Work task => Line by line, output everything from the one that contains "Cyphose dorsale et l'ostéopathie - OsteoMag" through the end of the material below, exactly as written and with no pictures.

Source material =>
○ ○ ○ ○

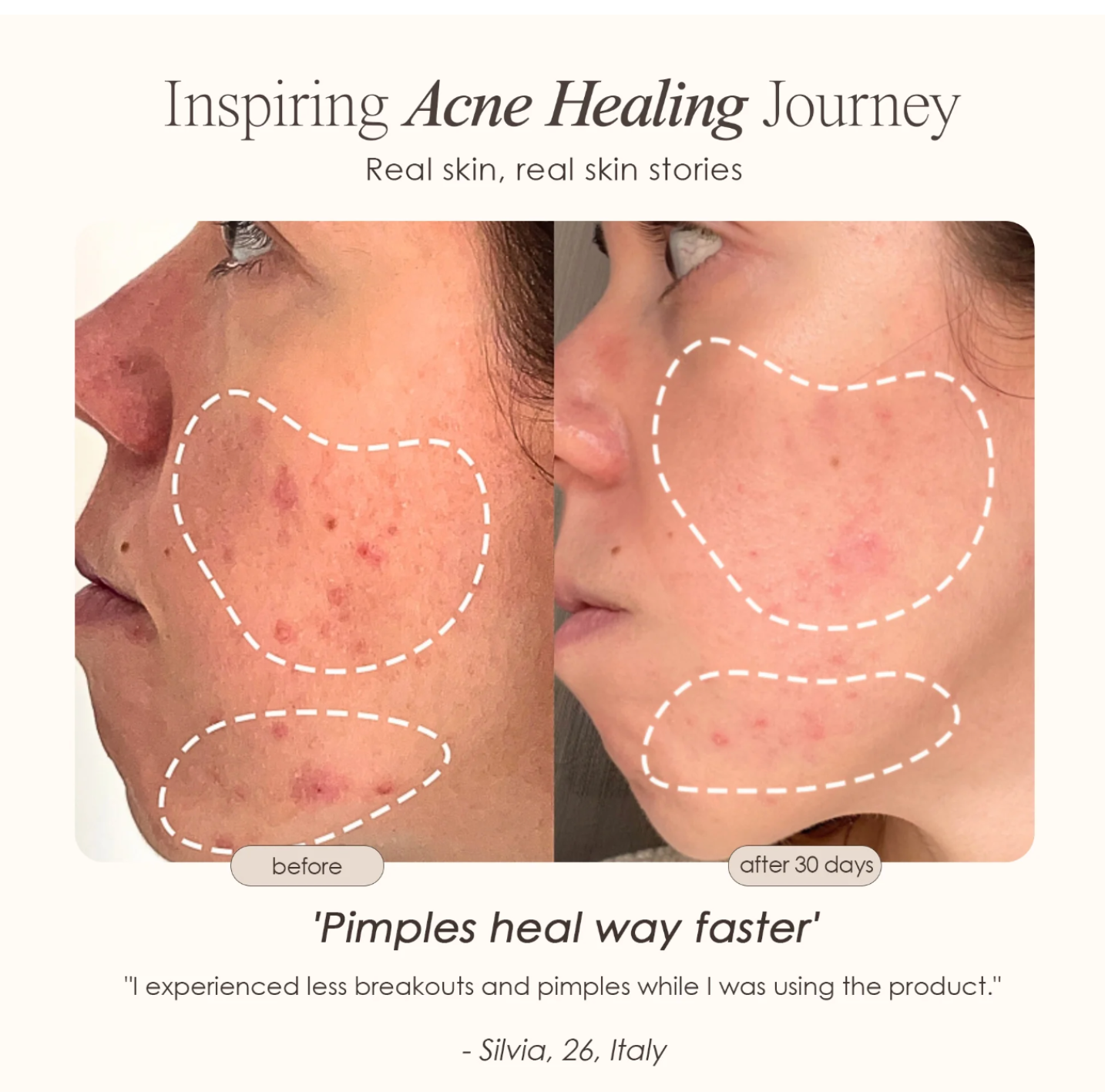 The Glow Mask™ by Nova Skin LED Facial Neck Skin Rejuvenation Mask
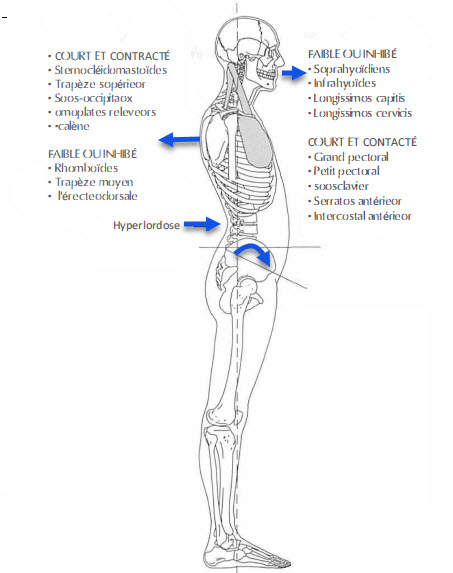 Cyphose dorsale et l'ostéopathie - OsteoMag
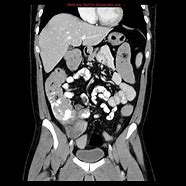 Image result for 10 Cm Tumor in Colon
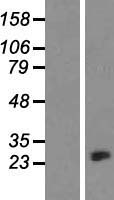 beta Crystallin A3 (CRYBA1) Human Over-expression Lysate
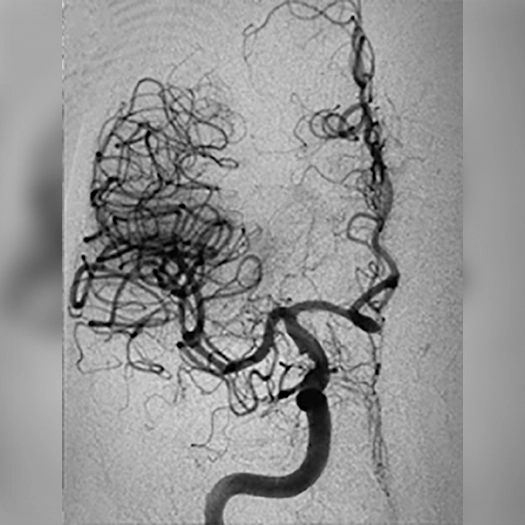 angiogram of cleared blood vessel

○ ○ ○ ○

Reply to the exercise =>
 Cyphose dorsale et l'ostéopathie - OsteoMag
 Image result for 10 Cm Tumor in Colon
 beta Crystallin A3 (CRYBA1) Human Over-expression Lysate
 angiogram of cleared blood vessel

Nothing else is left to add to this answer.